Mr David Death looking at the focusing lenses of a laser-induced breakdown spectroscopy (LIBS) system.
Laser-induced breakdown spectroscopy for mining
Analysing light emissions from the plasma generated by laser pulses can provide insight into the elemental make up of a range of different materials.
11 March 2010 | Updated 14 October 2011
When a high peak energy laser pulse is tightly focused on the surface of a target, the concentrated light energy can be great enough to heat the surface to very high temperatures and break the material at the surface down into its constituent atoms.
The small bright flash created by the laser pulse is called a laser-induced plasma.
When the light emission from such a plasma is analysed the measurement is called laser-induced breakdown spectroscopy or LIBS.
The plasma light contains a great deal of information about the basic elemental make up of the material measured.
LIBS for elemental analysis
CSIRO's Process Science and Engineering division has developed the LIBS technique to provide detailed elemental analysis of a wide range of different materials including, wood, metal and rocks.
The LIBS technique provides detailed elemental analysis of a wide range of different materials including, wood, metal and rocks.
The data produced by the measurement comes in the form of a spectrum that shows the different light intensities emitted by the laser-induced plasma at different wavelengths, or colours.
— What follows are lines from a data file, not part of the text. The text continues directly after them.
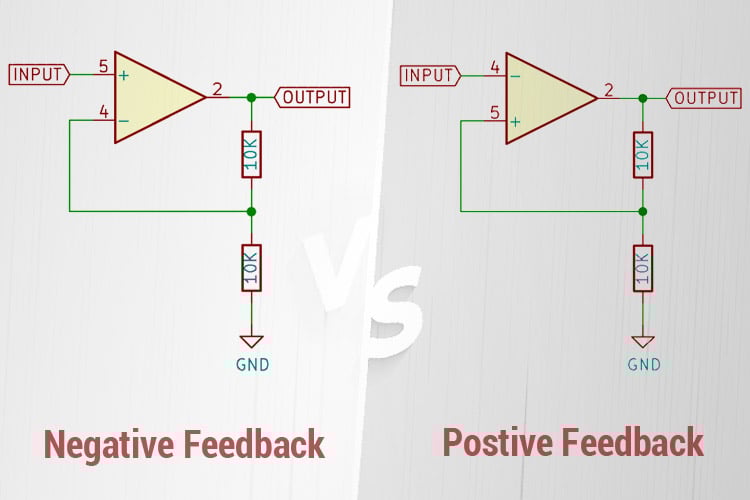 Positive Feedback Vs Negative Feedback in Op-Amps Circuits Positive Feedback Vs Negative Feedback in Op-Amps Circuits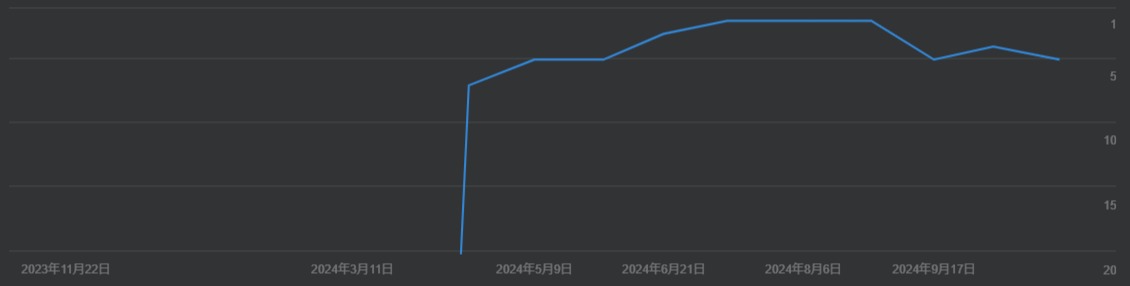 珈琲豆 通販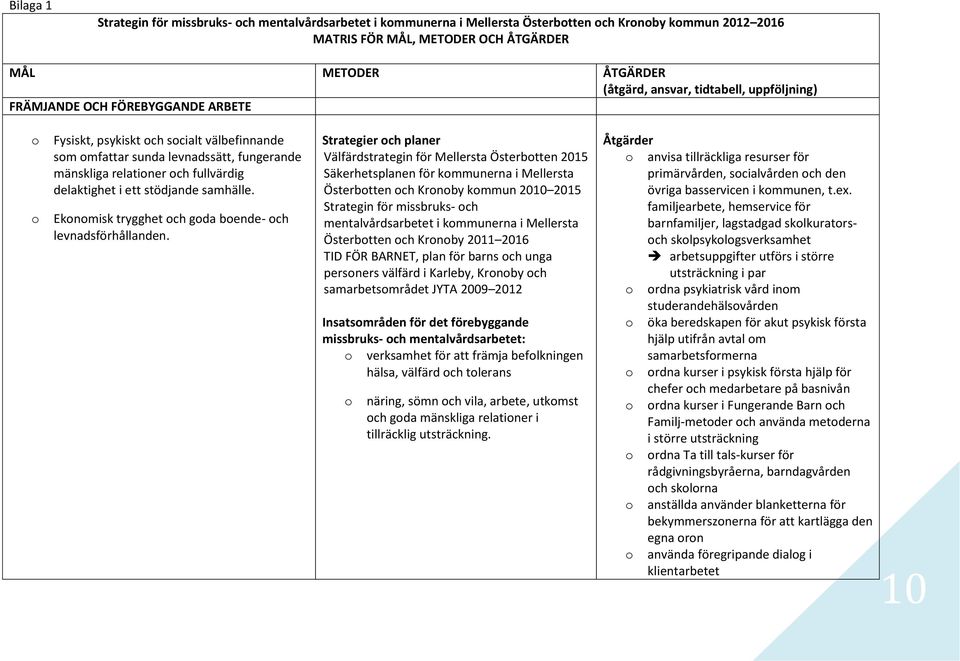 stödjande samhälle. Eknmisk trygghet ch gda bende- ch levnadsförhållanden.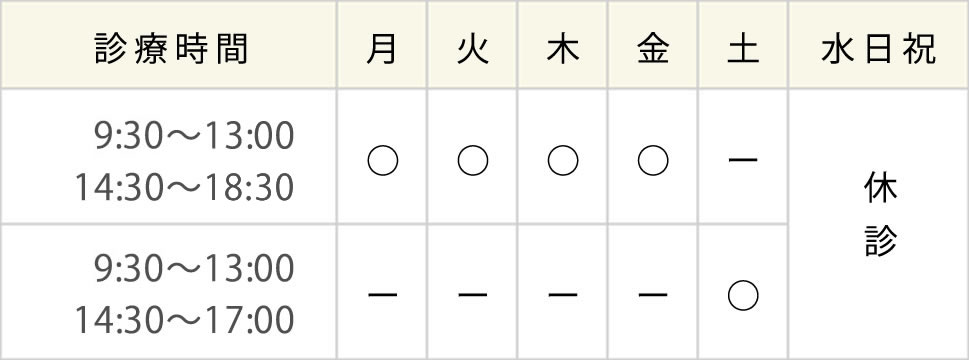 診療時間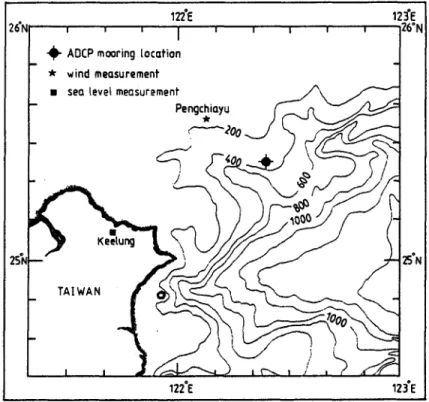 Figure 3 shows the location of mooring (25025 ' N,  122024 '  E) and the surrounding bathy- 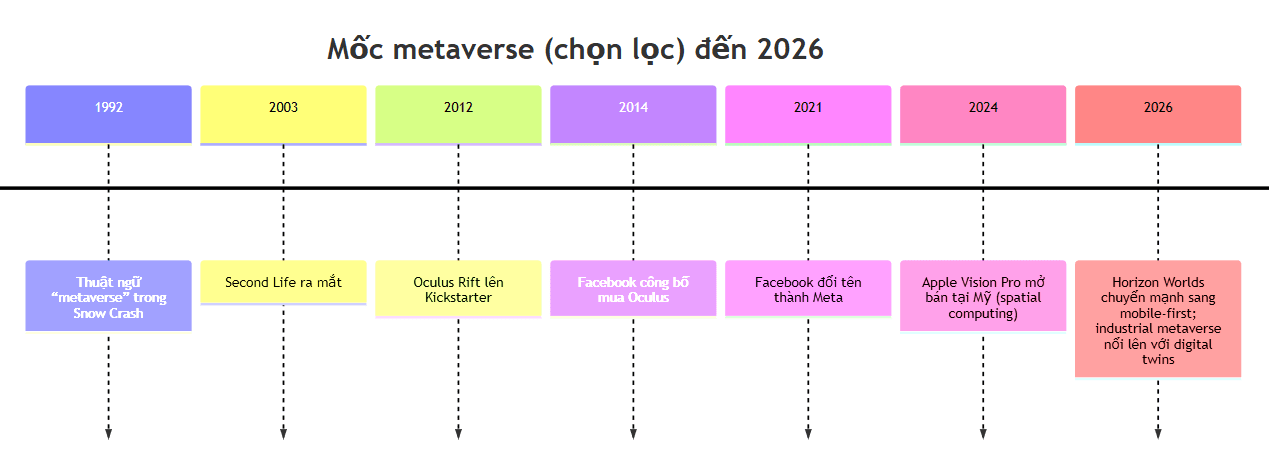 Что такое Метавселенная 2026? Какие метавселенные подходят для новичков в крипте?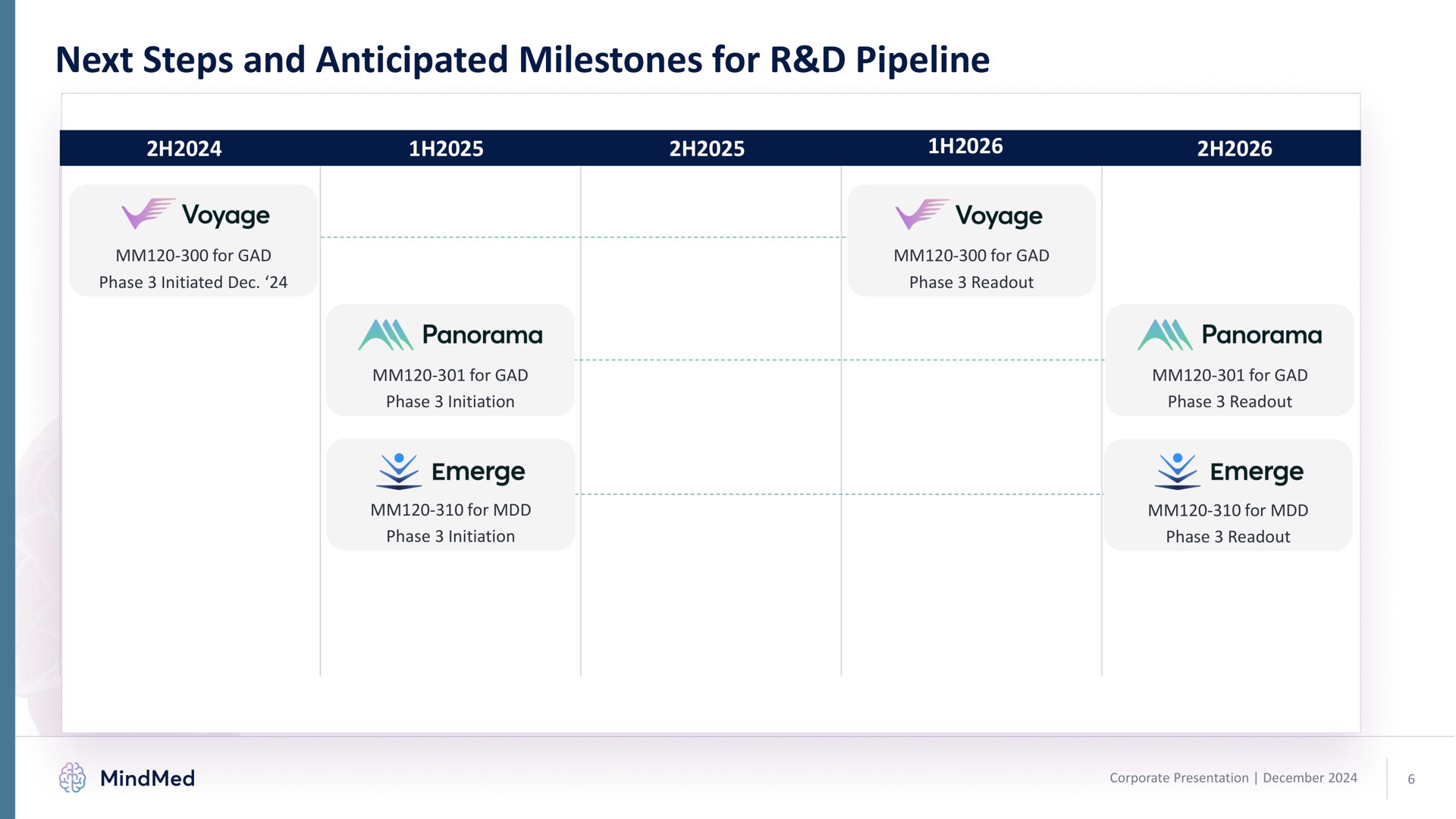 Timeline slide 6 from Mindmed — Corporate Presentation Cover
Each particular element has its own set of characteristic wavelengths that can be used to identify it inside a plasma or a flame.
By analysing LIBS spectra it’s possible to identify the elements on the measured surface.
By applying specialised mathematical treatment to LIBS data it’s also possible to determine how much of each element is present in the sample measured.
Current research focus
Our present focus is on making accurate measurements of the elemental make-up of rocks mined for metal production. So far we have measured samples including lateritic nickel ore and iron ore from Australia and overseas.
These measurements have demonstrated LIBS capacity for measuring elemental concentration down to around 100ppm of trace elements as well as those of major (>10 per cent) and minor (0.1-10 per cent) constituents. The ultimate goal of this work is to be able to make these measurements directly in the mine or mineral processing plant.